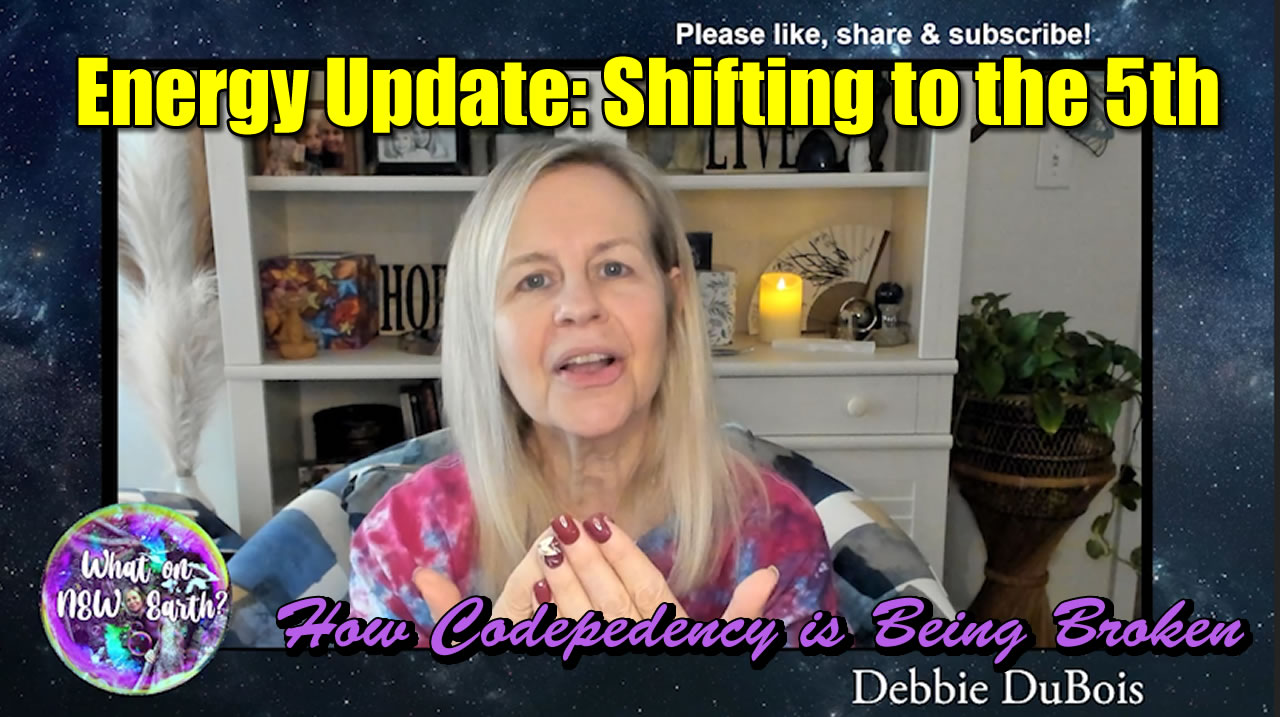 Energy Update. Shifting to the 5th Breaking Codependency. The FINAL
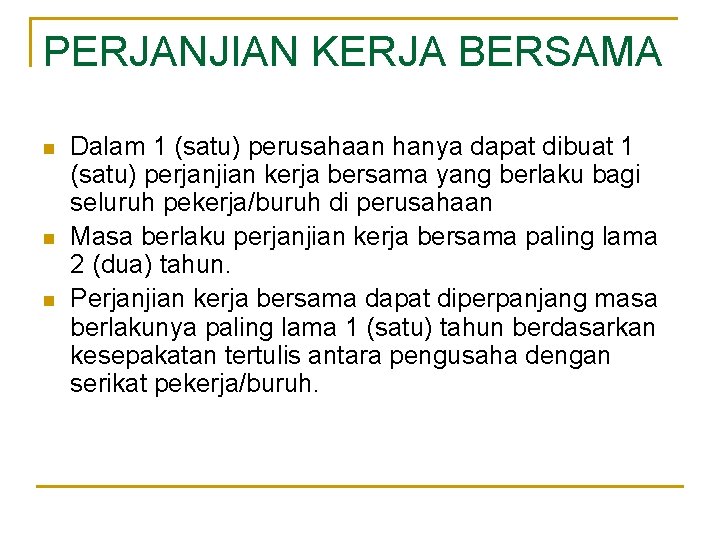 PERJANJIAN KERJA BERSAMA n n n Dalam 1 (satu) perusahaan hanya dapat dibuat 1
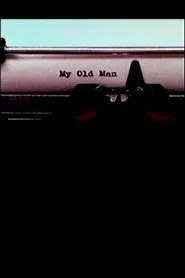 Poster do filme My Old Man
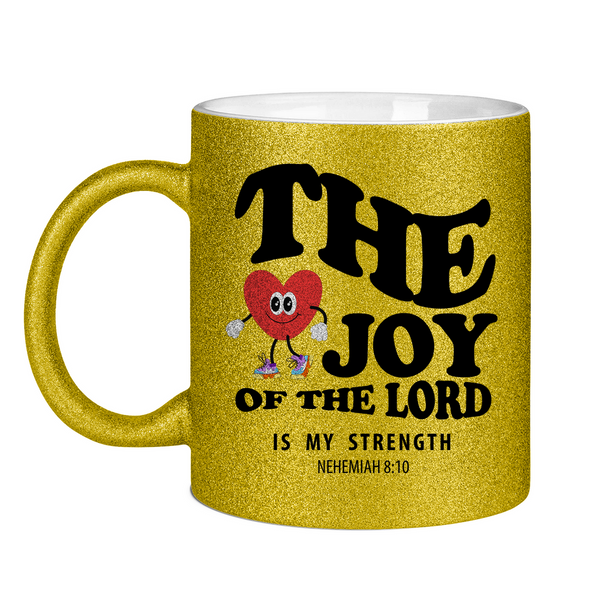 Glitzertasse the joy of he lord nehemiah 8:10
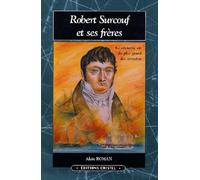 Robert Surcouf Et Ses Freres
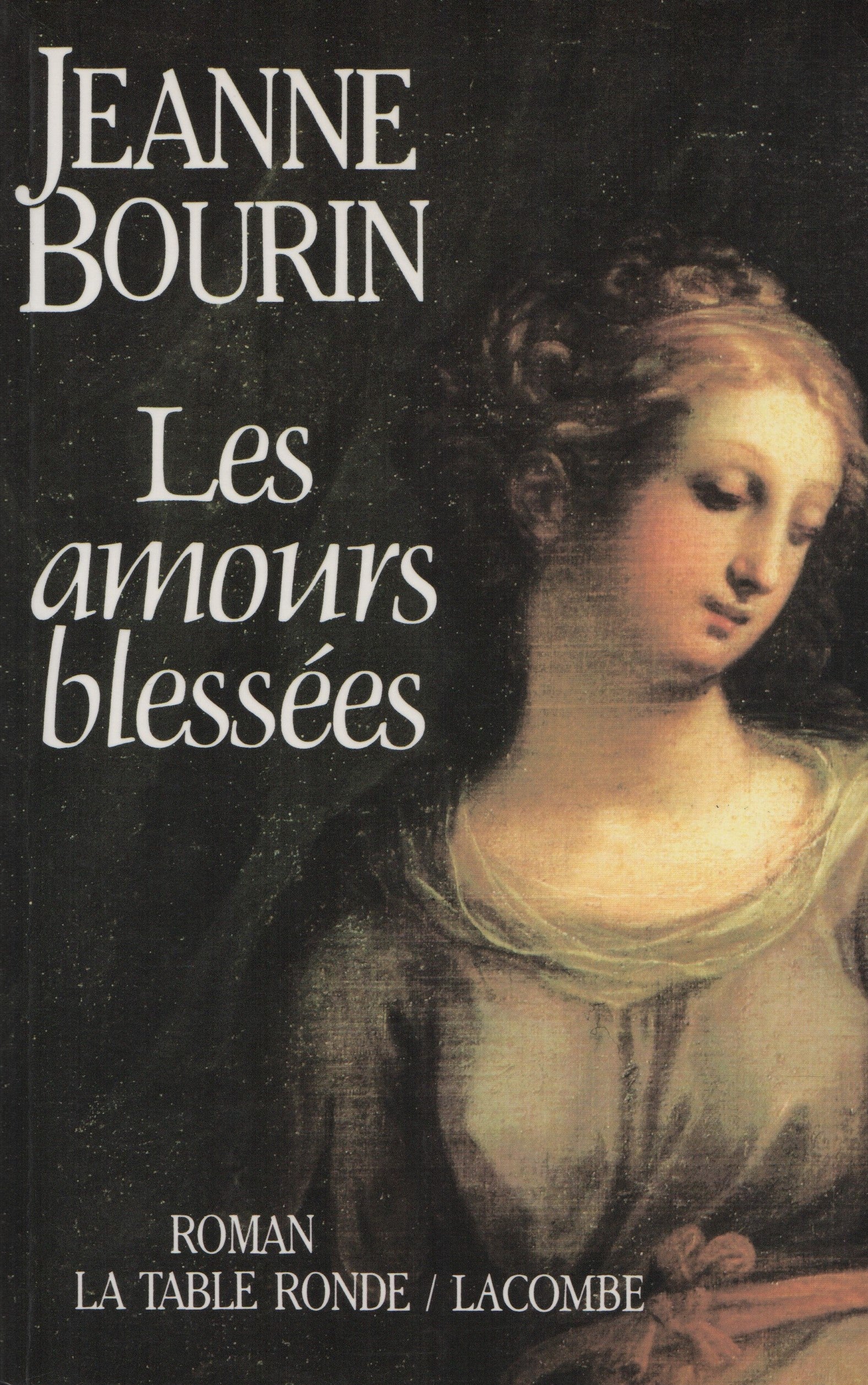 BOURIN, JEANNE. Amours blessées (Les)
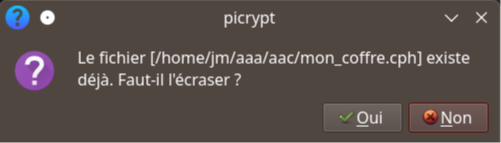 Confirmation du remplacement du fichier existant par le nouveau fichier-coffre.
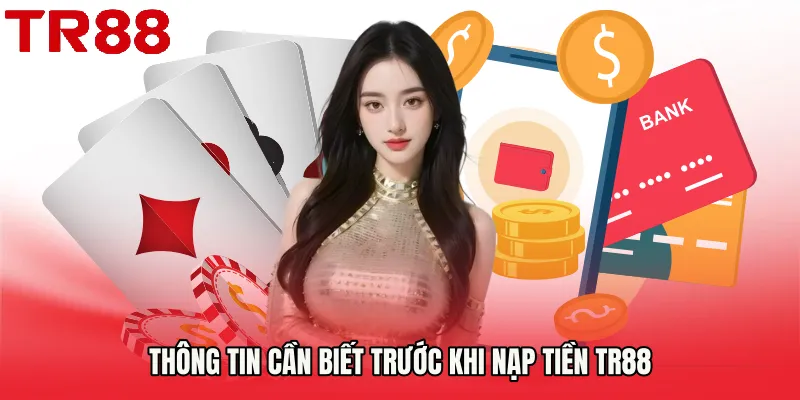Thông tin cần biết trước khi Nạp Tiền TR88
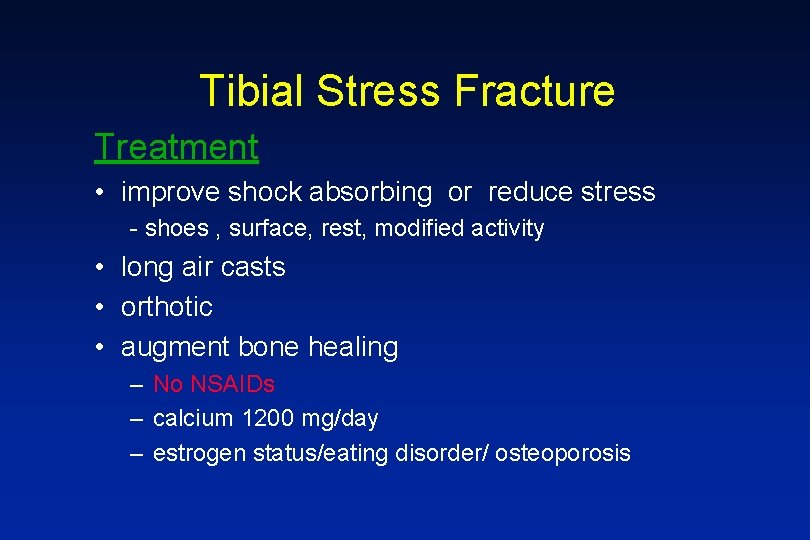 Tibial Stress Fracture Treatment • improve shock absorbing or reduce stress - shoes ,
========================================================================
- What is needed:
Without the pictures, write out every entry precisely as it appears.

- Solution for this task:
 Energy Update. Shifting to the 5th Breaking Codependency. The FINAL
 PERJANJIAN KERJA BERSAMA n n n Dalam 1 (satu) perusahaan hanya dapat dibuat 1
 Poster do filme My Old Man
 Glitzertasse the joy of he lord nehemiah 8:10
 Robert Surcouf Et Ses Freres
 BOURIN, JEANNE. Amours blessées (Les)
 Confirmation du remplacement du fichier existant par le nouveau fichier-coffre.
Thông tin cần biết trước khi Nạp Tiền TR88
 Tibial Stress Fracture Treatment • improve shock absorbing or reduce stress - shoes ,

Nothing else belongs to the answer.